That was the extraordinary question asked by BBC1's Breakast today. I have not been able to find anything on the web about it, but there is this story from January about David Cameron suggesting compulsory community service for students. So from memory, the discussion this morning was about a government proposal to make voluntary service for students compulsory and part of a tax credit regime. ...Or something like that. Sorry about the vagueness.
The idea sparked a lively VoxPop which included one astute young man calling the idea "slavery". Quite right.
There was then a studio discussion with a representative from the Prince's Trust and Aki Nawaz. The latter had some spiky views and was described simply as a "political activist". On googling him, he turns out to be a rapper and director of Nation records.

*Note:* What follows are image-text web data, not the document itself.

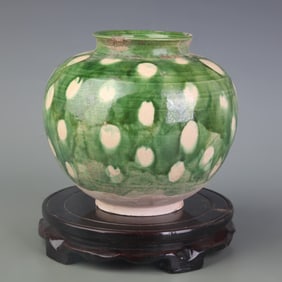 A FINE SAN CAI COLOR OLD PORCELAIN JAR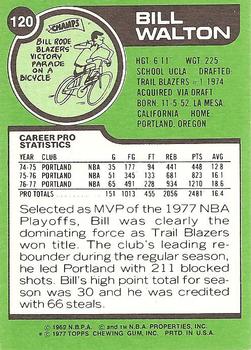 1977-78 Topps - White Backs #120 Bill Walton Back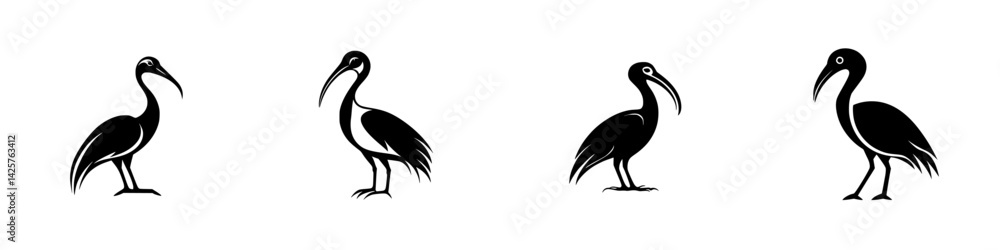 Fototapeta premium Set of black icons depicting various stork silhouettes on a plain background
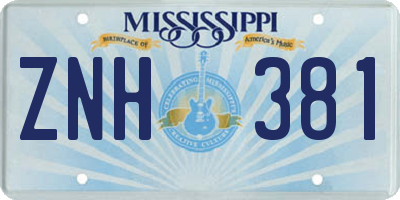 MS license plate ZNH381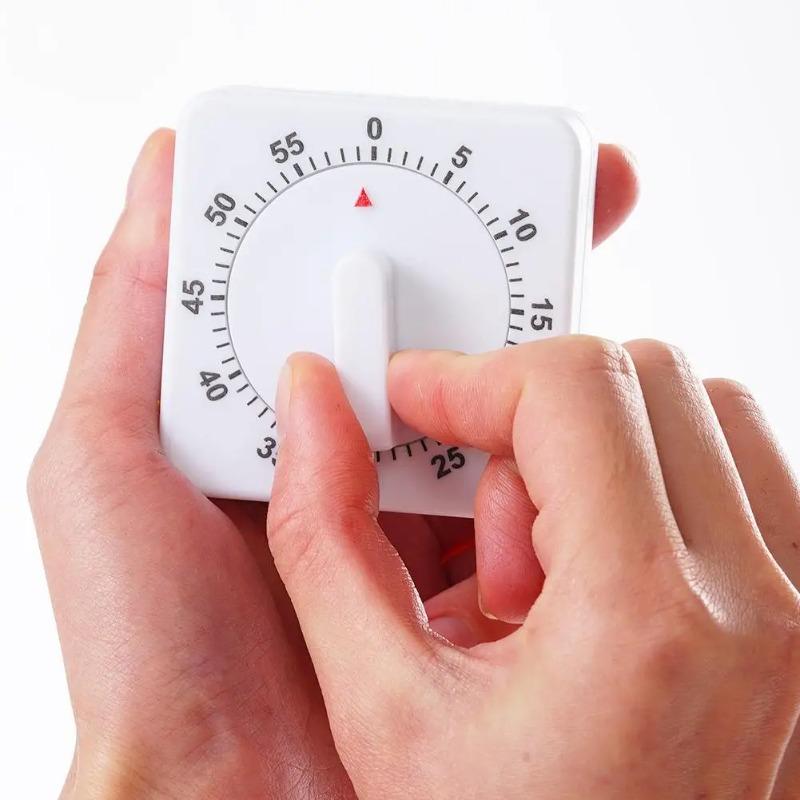 60 Minutes Mechanical Kitchen Timer Square Countdown Alarm Reminder for Cooking Baking Food Preparation Timing Tool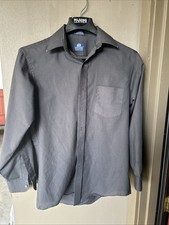 Stafford Mens Travel Wrinkle-Free Button Front Shirt Size 15 1/2 33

Anyway, what of it? Well, you can't have compulsory voluntary work. Or, indeed, voluntary compulsory work. It's just silly linguistics. You can have compulsory community work, whether it is unpaid or done in return for tax credits.
I am generally very sceptical about the idea for students, or those around University age. One's late teens are about the only time of one's life when you can let your hair down and do what you want. Over the years, this freedom has become more and more trammelled in by things like tuition fees, student loans, pressure to perform etc. If you don't have some freedom at that age, you don't actually develop properly and find out who exactly you are. Then, problems later on follow. Putting yet another imperative on the young is just silly. It is typical that David Cameron supports this proposal. It is a eye catching media-type idea , but in fact it is nanny-statism at its worst.
If people want to do volunteering then that is true volunteering. A volunteer is worth twenty pressed men. (I'm rambling - I'll stop soon). The moment you start putting some compulsion on it, it becomes like most other things in society today - pressurised.